*** Entries supplied ***
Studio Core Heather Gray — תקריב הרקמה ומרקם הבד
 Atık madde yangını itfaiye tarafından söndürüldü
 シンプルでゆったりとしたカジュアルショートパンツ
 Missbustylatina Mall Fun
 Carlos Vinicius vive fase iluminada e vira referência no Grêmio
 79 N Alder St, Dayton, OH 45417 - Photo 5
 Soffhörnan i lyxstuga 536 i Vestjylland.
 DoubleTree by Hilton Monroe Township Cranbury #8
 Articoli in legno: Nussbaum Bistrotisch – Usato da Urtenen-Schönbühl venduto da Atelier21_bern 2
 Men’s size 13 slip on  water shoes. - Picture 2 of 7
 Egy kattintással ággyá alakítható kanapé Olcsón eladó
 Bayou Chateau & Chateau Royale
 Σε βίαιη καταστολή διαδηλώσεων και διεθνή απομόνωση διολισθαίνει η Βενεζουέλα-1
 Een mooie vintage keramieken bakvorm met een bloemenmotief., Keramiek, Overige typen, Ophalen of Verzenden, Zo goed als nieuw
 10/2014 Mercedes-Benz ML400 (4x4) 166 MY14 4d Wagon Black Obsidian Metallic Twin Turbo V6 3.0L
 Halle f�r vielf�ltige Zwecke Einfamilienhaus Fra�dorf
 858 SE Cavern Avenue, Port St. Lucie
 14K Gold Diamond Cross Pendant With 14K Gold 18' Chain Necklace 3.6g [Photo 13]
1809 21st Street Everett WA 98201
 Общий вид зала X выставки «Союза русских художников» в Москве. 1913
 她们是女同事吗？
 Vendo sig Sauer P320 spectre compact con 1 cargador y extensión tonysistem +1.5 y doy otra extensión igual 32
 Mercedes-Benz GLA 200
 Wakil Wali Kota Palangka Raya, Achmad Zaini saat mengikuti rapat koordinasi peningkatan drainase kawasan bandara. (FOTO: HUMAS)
*** End of Entries supplied ***
**Problem details:** The answer consists only of the lines from the one containing "Vendo sig Sauer" to the end of the records, each written out exactly.

**Task response:**
 Vendo sig Sauer P320 spectre compact con 1 cargador y extensión tonysistem +1.5 y doy otra extensión igual 32
 Mercedes-Benz GLA 200
 Wakil Wali Kota Palangka Raya, Achmad Zaini saat mengikuti rapat koordinasi peningkatan drainase kawasan bandara. (FOTO: HUMAS)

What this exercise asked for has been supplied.